0

Please pardon me if it is a dumb question. I was just exploring numpy in python shell and I ran these lines

>>> from numpy.linalg import inv
>>> from numpy import dot, transpose
>>> a = np.matrix('1,2;3,4')
>>> print a
[[1 2]
 [3 4]]
>>> print inv(a)
[[-2.   1. ]
 [ 1.5 -0.5]]
>>> print a.dot(inv(a))
[[1.0000000e+00 0.0000000e+00]
 [8.8817842e-16 1.0000000e+00]]

In the last line I was expecting value 

[[1,0]
 [0,1]]

(identity matrix), however I got some non-zero value at (1,0) pos.

cs95
  • 379,657
  • 97
  • 704
  • 746
g_p
  • 5,499
  • 3
  • 19
  • 22
  • You can't expect exact results when working with floating point numbers. Maybe some kind of norm `||a - I||²` will work. The first answer to the question posted by @GarbageCollector explains it pretty well. – Jose A. García Jan 26 '18 at 09:10
  • Also, you don't need to use `print` in python console. – Eric Duminil Jan 26 '18 at 09:11
  • All that being said, `numpy` *could* have been simplifying the expression and just returning an identity matrix of same rank. It would also speed things up for large matrices. – Ma0 Jan 26 '18 at 09:13
  • @Ev.Kounis: For this, you'd need to work with `sympy`, not `numpy`. – Eric Duminil Jan 26 '18 at 10:47

1 Answers1

2

This is a result of floating point arithmetic, and all the shortcomings associated with it. See Is floating point math broken? for a detailed understanding of why this happens.

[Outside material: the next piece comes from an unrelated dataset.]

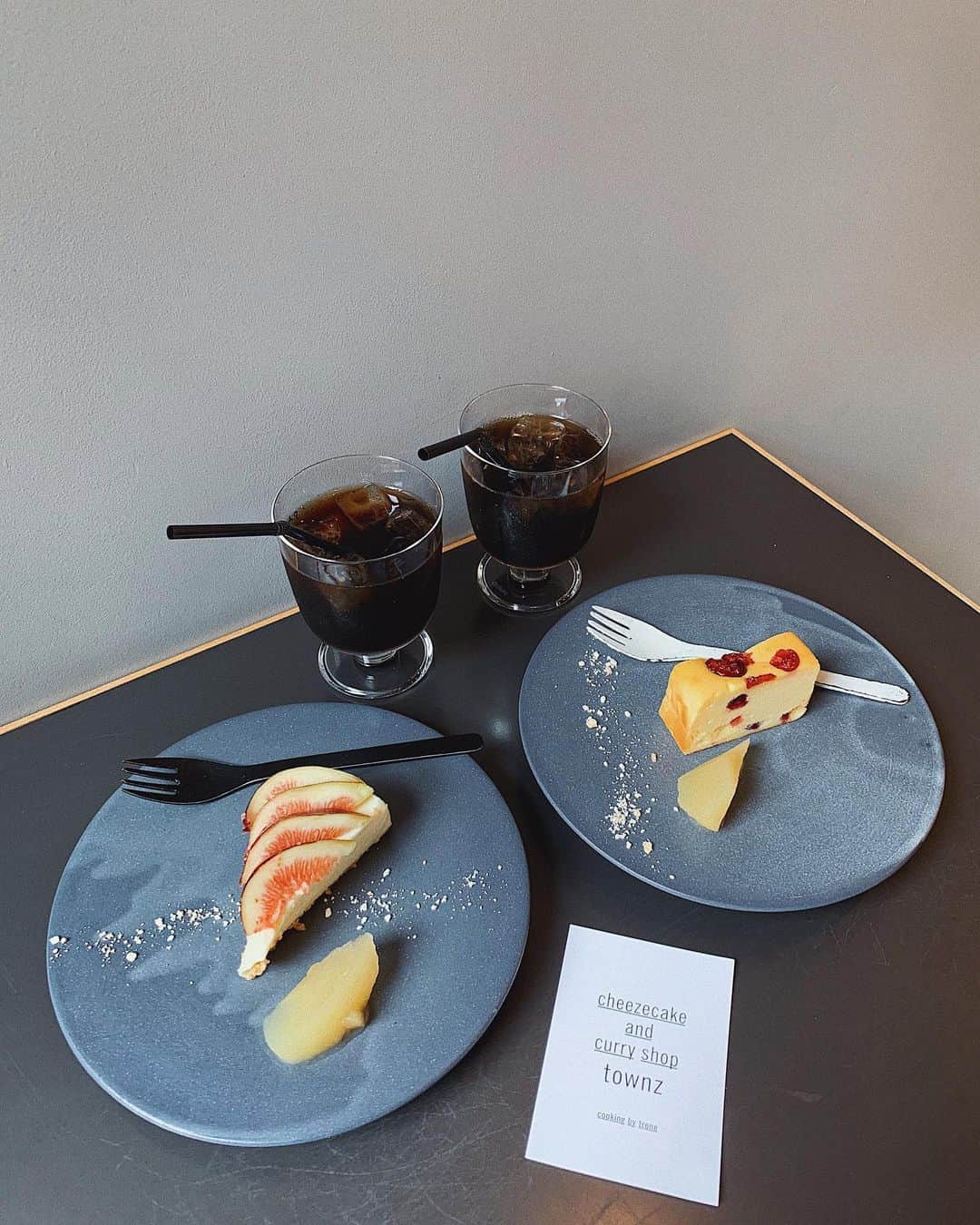 草野春香のグルメインスタ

Your result is not perfect, but it is close enough, and that is the key. inv of course, does not compute the exact result (it uses numerical methods after all). Correspondingly, A * A_inv isn't going to be exactly the identity matrix, but it will be close enough. You can test closeness using np.allclose. 

np.allclose(a * inv(a), np.eye(2))
True

(Note that a * b computes the dot product for matrix objects.)

cs95
  • 379,657
  • 97
  • 704
  • 746